Monday, December 17, 2007

Ribena for grown-ups

I've just had the satisfaction of bottling my very first batch of home-brewed wine. It's a blackberry wine, it's a glorious colour and it tastes divine. I also have the additional smugness of knowing that every single piece of fruit in the batch was picked by me either in my garden or from the wild brambles that surround the fields where I walk my dogs.

Making my own wine is one more step towards my ultimate goal of sourcing all of my food and drink. During my childhood I enjoyed the kind of lifestyle that Hugh Fearnley-Whittingstall and his middle class downsizers now promote as the ideal. But we didn't do it to save the planet, or to be ethical, or to promote food awareness. We lived that way because it was cost-effective. We weren't poor - my parents owned their own house - but my dad's police wage wasn't exactly Fat Cat pay either. So we economised. We grew a lot of our own veg or bartered with local farmers. We kept bantams for eggs. And we shot most of the meat we ate. It was mostly rabbit and wood pigeon but we also enjoyed pheasant, woodcock, snipe and an occasional duck. And because Dad and my brothers Andrew and Jake were keen fishermen, our table was also regularly visited by trout, sea bass, pollack, gurnard and the freshest mackerel you've ever tasted. To top up this smorgasbord of wild larder produce, we also scoured rockpools for winkles and cockles and brought home mats of mussels from the local beaches. And to accompany the food, Dad brewed his own beer and wine and seemed to develop ever weirder flavours as time went on. I mean ... mincemeat wine? But somehow they all worked and I promised myself that one day I would learn the arcane arts of winemaking ...

These days, I source all of my meat from local suppliers and either grow my own veg or buy organic from local farmers' markets. I've got myself a greenhouse this year so I'm looking at growing my own peppers, chillies and other exotic produce in 2008. I already have a variety of fruit trees, a rhubarb patch, blackberries, raspberries, grape vines, gooseberries, quinces and a hazelnut tree. So I'm getting to be pretty self-sufficient. The only things missing are the chickens (not really practical with my dogs, the large number of local foxes and the dozens of huge red kites that hover hungrily overhead every day) and the alcohol. So I get my eggs from someone who does keep chickens and ducks and I've started brewing.

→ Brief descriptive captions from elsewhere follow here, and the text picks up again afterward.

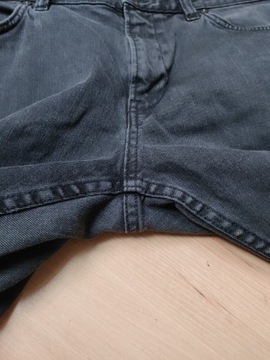 Hugo Boss męskie spodnie jeans szare 36/32 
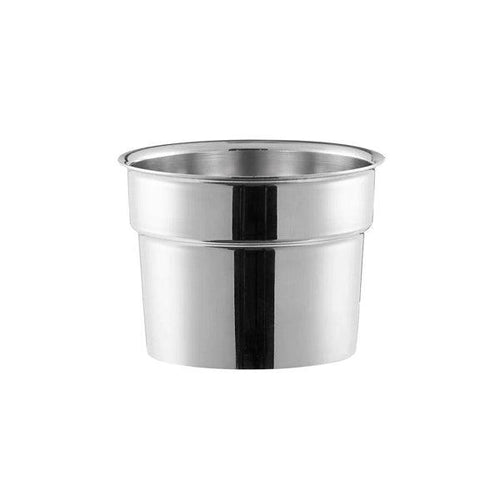 Wundermaxx Prämie Stainless Steel Soup Bucket,  L 29 x W 29 x H 21.5 cm,  Capacity 11 Litres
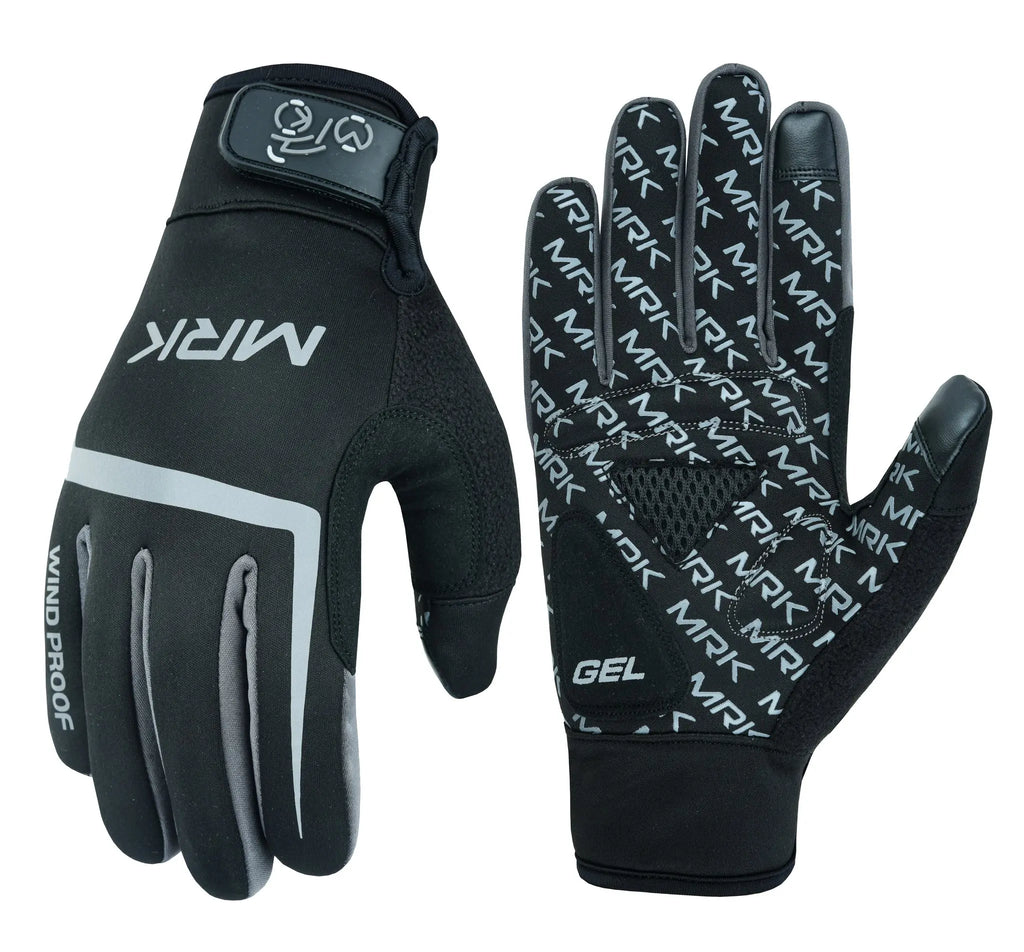 Winter Gloves for Men & Women, Warm Insulated Cold Weather Gloves, Windproof Outdoor Gloves for Hiking, Camping, Skiing & Everyday Use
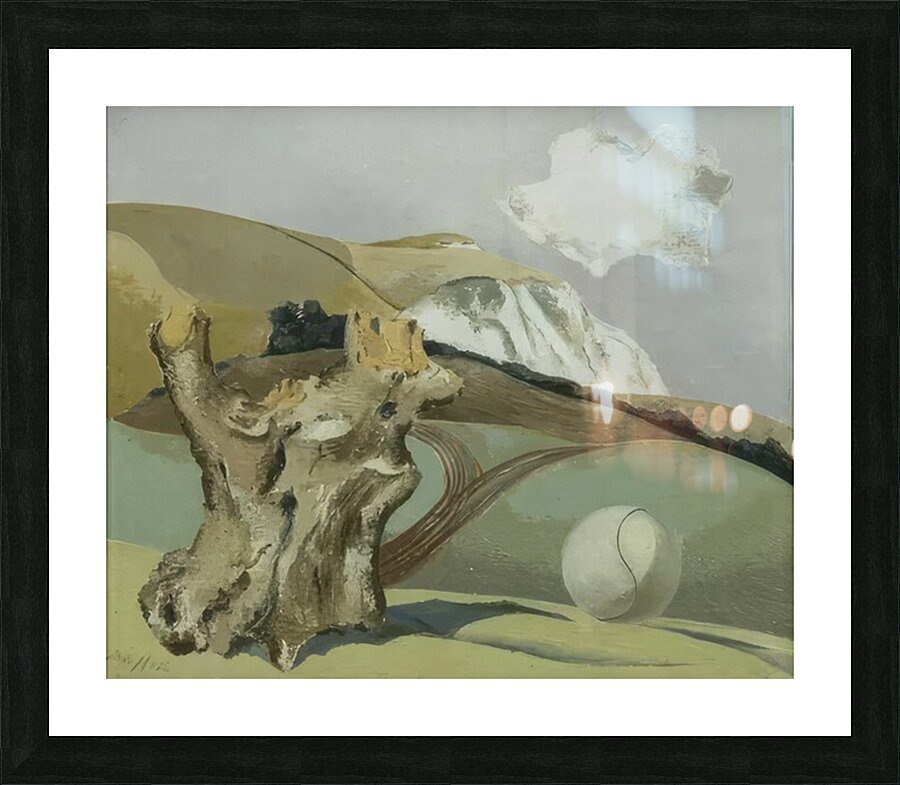 Paul Nash 67 Picture Frame print
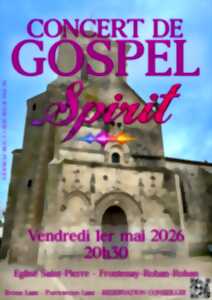 Concert Gospel Exceptionnel à Frontenay-Rohan-Rohan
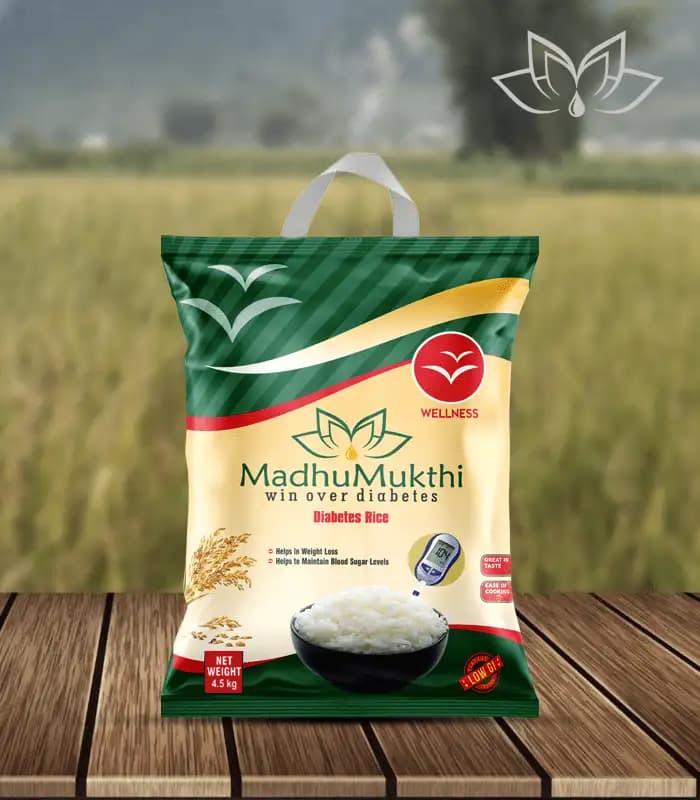 Madhumukthi Diabetes Rice 4.5kg
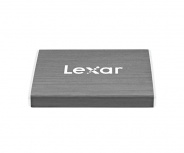 SSD Externo Lexar SL100 Pro Portable, 512GB, USB-C/USB-A, Negro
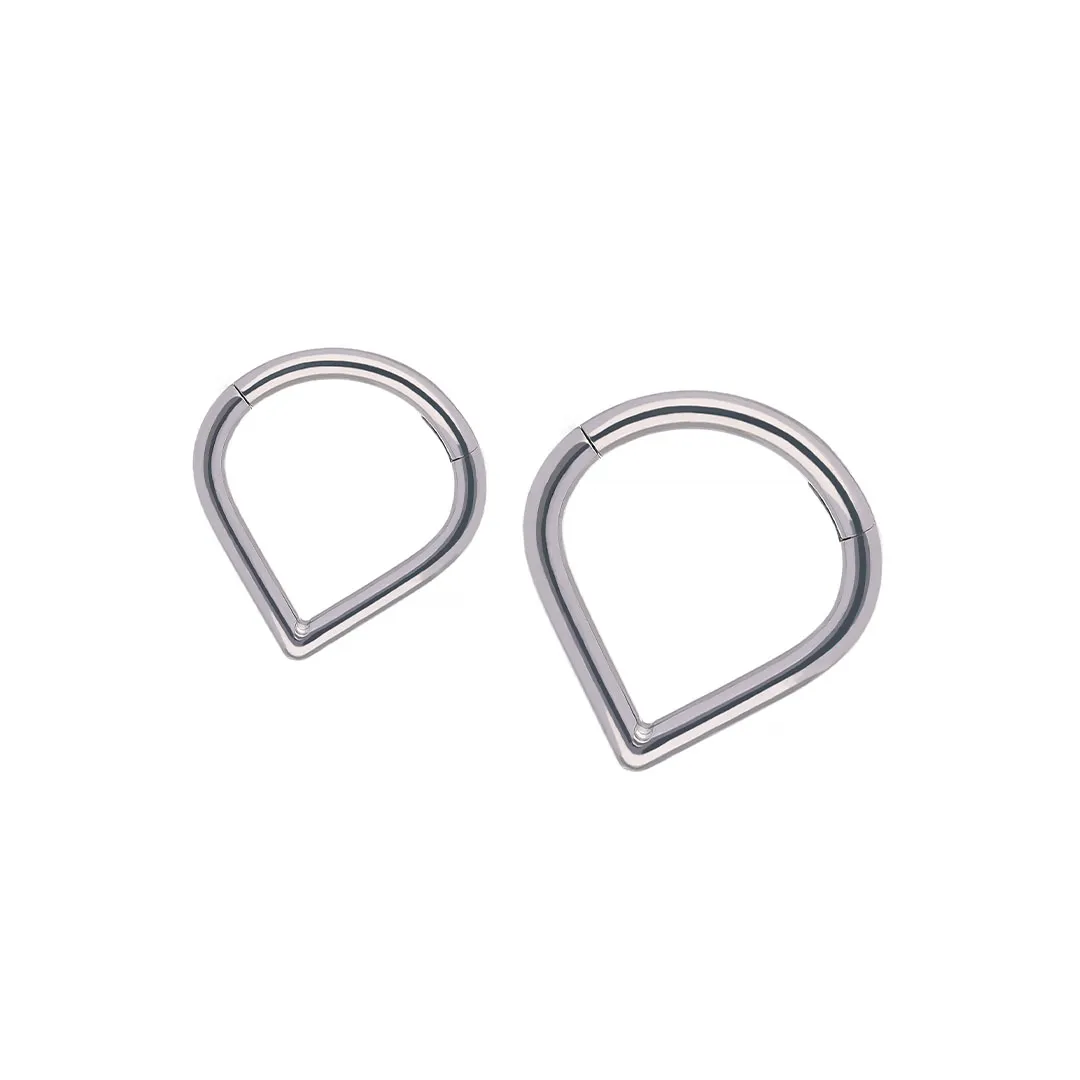 Clicker Phaze implant grade titanium ASTM F-136 clicker ring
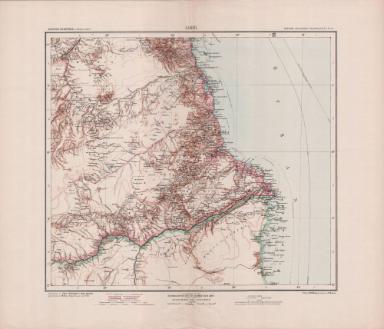 Grosser Deutscher Kolonialatlas No. 24.: Lindi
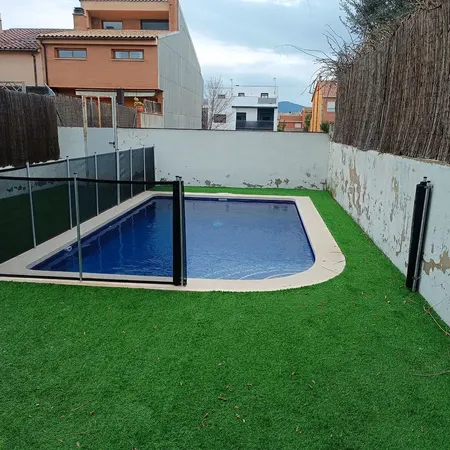 Instalación de valla de piscina en Girona - KidoSafe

I couldn't believe how easy it is! You can make wine from just about anything. Really. Anything. Teabags. Raisins. Beetroot and parsnips. Oranges. Parsley and rice (honest). Even onions and potatoes. Apart from my blackberry batch, I also bottled a demijohn's worth of rich, sweet, golden oak leaf wine (see photo above). Yes, that's right. Wine made from oak leaves. And it tastes great! I found the recipe in a wonderful old paperback by the master of home wine-making, the appropriately named Mr C J J Berry. First Steps in Winemaking is easy to follow and very informative. And, most importantly, aimed at the rank amateur. I commend it to you. And I also ask you to consider giving winemaking a go. The set up costs are minimal - it's under a tenner for a demijohn, some sugar, some yeast and whatever flavouring you're going to use - and voila! three months later you have 4-6 bottles of tasty wine. It's not even as if there's any real work involved either. Mr Yeast does all of that for you. And believe me, there is a real thrill watching those little bubbles popping up through the airlocks. Yeast eats sugar and coverts half to carbon dioxide and half to alcohol ... so for every bubble, an equal amount of booze is being made! Yay! Good old yeast.

Here's the set-up in my study. Four demijohns (one still has a crabapple wine brewing) and a fermenting bucket lurking beneath my easels. Total cost around £40 - but everything is reusable. And the three empty demijohns have just provided me with 18 bottles of wine.

So Christmas dinner this year will be spent in the company of an organic turkey, locally grown veg and home-brewed wine.

What's not to like about that?

1 comment:

Me said...

Felicity Kendal, Richard Briers, Paul Eddington and Penelope Keith have a lot to answer for!